Crawled caption data
━━━━━━━━

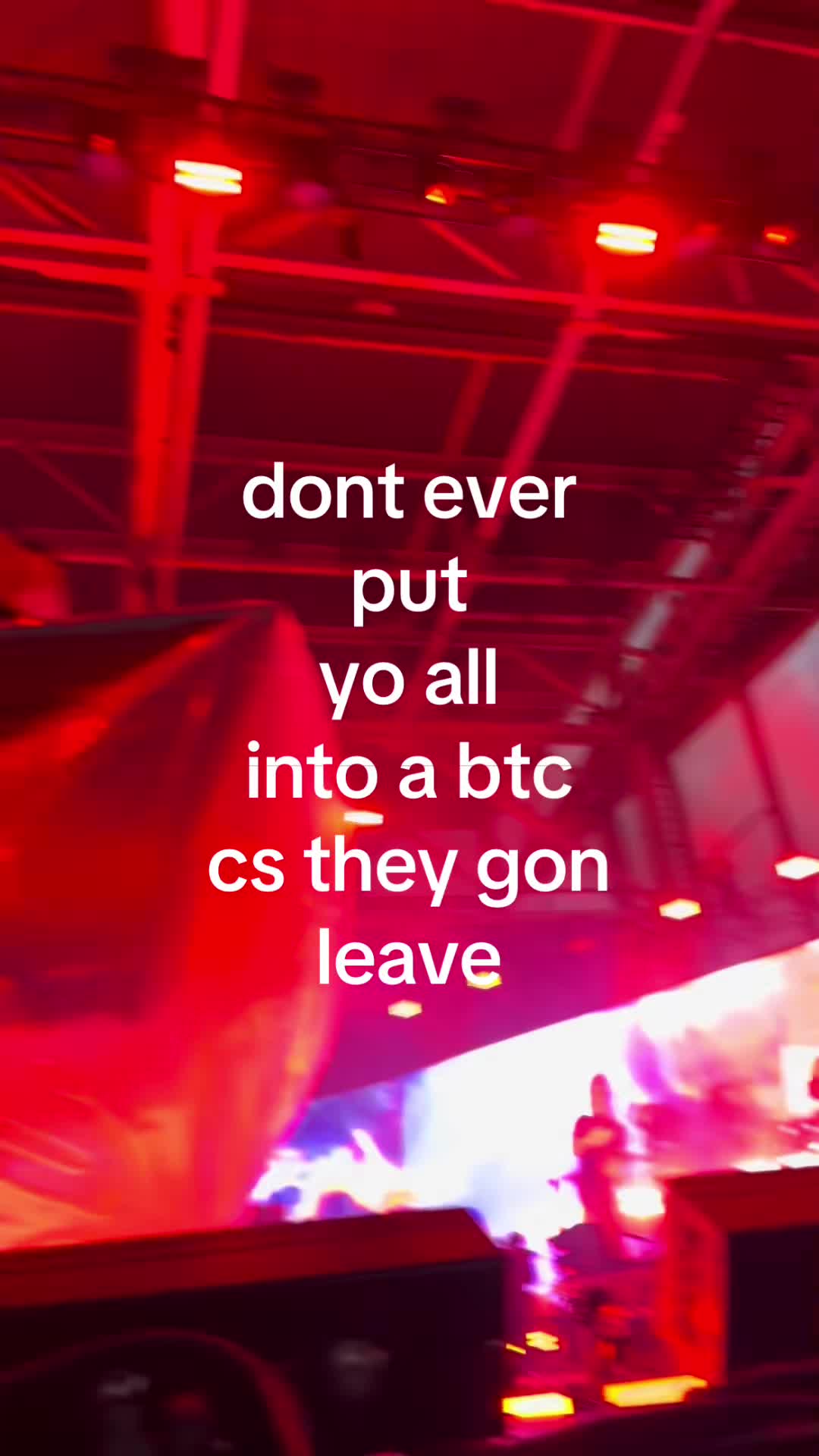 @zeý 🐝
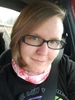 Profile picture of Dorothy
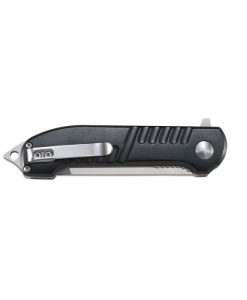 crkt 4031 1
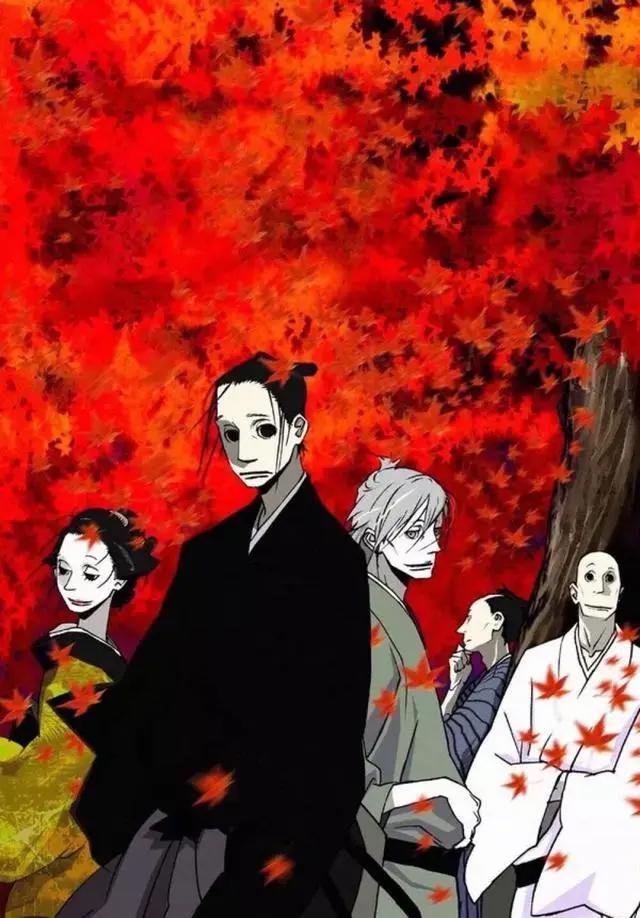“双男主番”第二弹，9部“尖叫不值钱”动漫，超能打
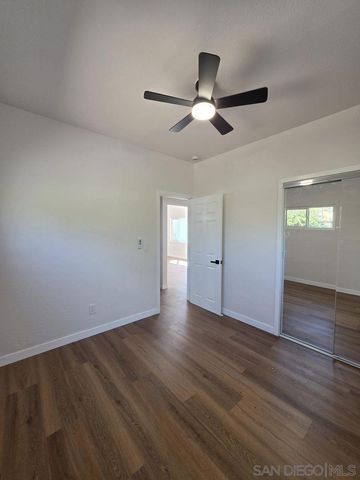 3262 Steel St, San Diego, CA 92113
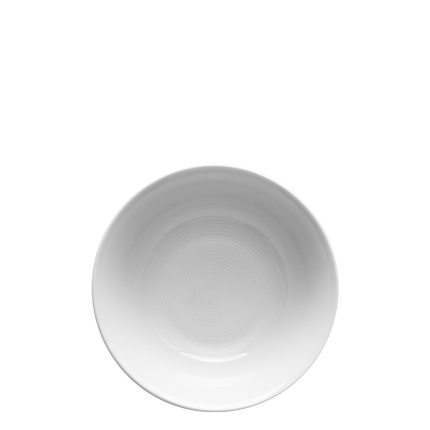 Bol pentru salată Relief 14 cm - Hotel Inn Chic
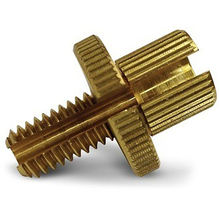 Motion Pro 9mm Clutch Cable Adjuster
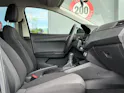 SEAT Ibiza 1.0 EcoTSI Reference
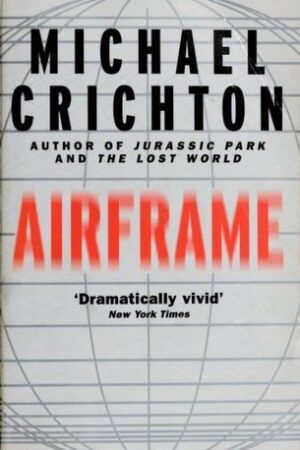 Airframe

━━━━━━━━

◆ **WHAT YOU NEED TO DO**
The answer must match the entries above line for line, with the pictures dropped.

◆ **RESPONSE TO THIS EXERCISE**
 @zeý 🐝
 Profile picture of Dorothy
 crkt 4031 1
“双男主番”第二弹，9部“尖叫不值钱”动漫，超能打
 3262 Steel St, San Diego, CA 92113
 Bol pentru salată Relief 14 cm - Hotel Inn Chic
 Motion Pro 9mm Clutch Cable Adjuster
 SEAT Ibiza 1.0 EcoTSI Reference
 Airframe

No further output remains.